Мой кустарный метод вяления сработал вроде бы отлично, но я оберегал куски мяса, по-прежнему завернутые в пальмовые листья, почти с маниакальным рвением и хранил их сначала в пластиковых контейнерах, потом в лабораторном морозильнике, температурные данные которого проверял каждый день. Я проклинал себя за то, что побоялся оторвать панцирь и сохранить все внутреннее мясо; все, что у меня было, – четыре ноги, голова и огрызок хвоста, а кто знает, сколько черепашьей плоти понадобится съесть мышам, чтобы воздействие проявилось? Кто знает, насколько аккуратно мне придется тратить свои запасы? Никакого способа добыть еще одного опа’иву’экэ не было; я был привязан к лаборатории, и хотя Таллент уже строил планы очередной летней поездки на Иву’иву, попросить его привезти мне еще одну черепаху я не мог – он и про эту-то ничего не знал.

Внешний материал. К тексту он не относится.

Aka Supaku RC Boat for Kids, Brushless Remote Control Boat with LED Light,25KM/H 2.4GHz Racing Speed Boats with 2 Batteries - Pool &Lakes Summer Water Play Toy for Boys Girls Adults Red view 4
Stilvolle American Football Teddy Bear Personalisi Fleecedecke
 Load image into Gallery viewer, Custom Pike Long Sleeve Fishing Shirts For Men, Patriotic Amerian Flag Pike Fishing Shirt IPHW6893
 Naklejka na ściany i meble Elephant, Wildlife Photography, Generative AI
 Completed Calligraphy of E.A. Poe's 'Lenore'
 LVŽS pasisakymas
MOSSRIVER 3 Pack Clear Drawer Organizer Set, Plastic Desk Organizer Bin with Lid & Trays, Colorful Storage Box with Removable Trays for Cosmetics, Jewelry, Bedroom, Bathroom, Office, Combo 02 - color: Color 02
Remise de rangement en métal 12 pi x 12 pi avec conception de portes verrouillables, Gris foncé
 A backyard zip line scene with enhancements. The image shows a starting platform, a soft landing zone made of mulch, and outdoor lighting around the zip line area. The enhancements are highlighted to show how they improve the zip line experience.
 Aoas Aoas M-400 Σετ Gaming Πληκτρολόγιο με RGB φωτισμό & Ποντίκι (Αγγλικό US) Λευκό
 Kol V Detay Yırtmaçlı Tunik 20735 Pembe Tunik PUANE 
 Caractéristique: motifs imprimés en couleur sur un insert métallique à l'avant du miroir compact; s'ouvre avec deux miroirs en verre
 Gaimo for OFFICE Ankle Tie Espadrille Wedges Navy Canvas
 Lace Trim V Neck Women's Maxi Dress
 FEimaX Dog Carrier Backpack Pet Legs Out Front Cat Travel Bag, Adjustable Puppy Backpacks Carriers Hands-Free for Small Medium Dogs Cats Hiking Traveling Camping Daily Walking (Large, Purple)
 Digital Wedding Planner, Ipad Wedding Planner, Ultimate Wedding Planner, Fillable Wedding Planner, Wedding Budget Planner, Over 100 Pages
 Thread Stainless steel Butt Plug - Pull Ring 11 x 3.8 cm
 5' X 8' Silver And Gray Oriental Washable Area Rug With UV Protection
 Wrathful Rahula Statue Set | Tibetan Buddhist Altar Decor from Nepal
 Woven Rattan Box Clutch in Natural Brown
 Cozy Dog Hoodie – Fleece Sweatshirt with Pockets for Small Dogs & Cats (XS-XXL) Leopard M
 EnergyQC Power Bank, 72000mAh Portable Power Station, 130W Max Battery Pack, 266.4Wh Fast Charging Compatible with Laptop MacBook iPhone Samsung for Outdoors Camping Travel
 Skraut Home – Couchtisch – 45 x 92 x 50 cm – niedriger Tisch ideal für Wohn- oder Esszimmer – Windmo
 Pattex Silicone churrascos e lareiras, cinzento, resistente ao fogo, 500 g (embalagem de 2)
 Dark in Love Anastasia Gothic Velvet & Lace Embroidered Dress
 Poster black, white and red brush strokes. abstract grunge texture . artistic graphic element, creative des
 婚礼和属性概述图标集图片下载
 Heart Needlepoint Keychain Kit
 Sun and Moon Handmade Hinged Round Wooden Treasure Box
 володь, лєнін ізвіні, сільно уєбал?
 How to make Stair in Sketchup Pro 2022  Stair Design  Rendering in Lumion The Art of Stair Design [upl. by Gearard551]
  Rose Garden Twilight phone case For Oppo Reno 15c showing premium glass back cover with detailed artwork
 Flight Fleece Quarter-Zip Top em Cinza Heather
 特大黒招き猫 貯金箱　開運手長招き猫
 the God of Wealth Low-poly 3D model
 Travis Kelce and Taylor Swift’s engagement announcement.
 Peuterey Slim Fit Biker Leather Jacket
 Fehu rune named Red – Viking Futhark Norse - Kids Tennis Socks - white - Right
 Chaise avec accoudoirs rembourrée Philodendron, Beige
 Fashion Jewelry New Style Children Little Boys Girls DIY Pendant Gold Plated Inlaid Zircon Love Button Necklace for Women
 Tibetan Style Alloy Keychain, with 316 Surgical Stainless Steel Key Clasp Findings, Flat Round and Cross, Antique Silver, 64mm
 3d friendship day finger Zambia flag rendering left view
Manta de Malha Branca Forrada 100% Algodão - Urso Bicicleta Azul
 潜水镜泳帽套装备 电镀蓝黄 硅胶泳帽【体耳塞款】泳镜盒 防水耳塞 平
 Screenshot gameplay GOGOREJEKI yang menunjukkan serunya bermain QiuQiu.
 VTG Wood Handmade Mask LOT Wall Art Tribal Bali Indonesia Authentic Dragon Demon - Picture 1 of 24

Так что я очень бережно отмерил количество черепашьего мяса, которое скормил первой группе из двадцати пяти мышей. По моему указанию Чхоль Ю нарезал кусок передней ноги на двадцать пять кусочков, каждый не больше канцелярской кнопки. Приходилось надеяться, что этого хватит. Я исходил из предположения, что результат будет очевиден – или не очевиден – после одного кормления; оно либо сработает, либо нет. Второй группе из двадцати пяти мышей я скормил такие же куски коробчатой черепахи, которую купил в зоомагазине.
Средняя продолжительность жизни лабораторной мыши – примерно полтора года. Если моя теория верна, первая группа мышей будет жива не только три месяца спустя (я проследил, чтобы все пятьдесят мышей были пятнадцатимесячными, по аналогии с тем возрастом, в котором иву’ивцы едят своего опа’иву’экэ), но и через два, три года, может быть, даже через пять лет. В какой-то момент в их поведении появятся признаки дезориентации, хотя физическое состояние в целом не изменится. Я повторил эксперимент – несколько преждевременно, почти что для забавы – с другой группой из ста мышей, из которых половина получила опа’иву’экэ, а половина коробчатую черепаху. Но это были новорожденные мыши, которым предстояло взрослеть в контролируемой среде эксперимента.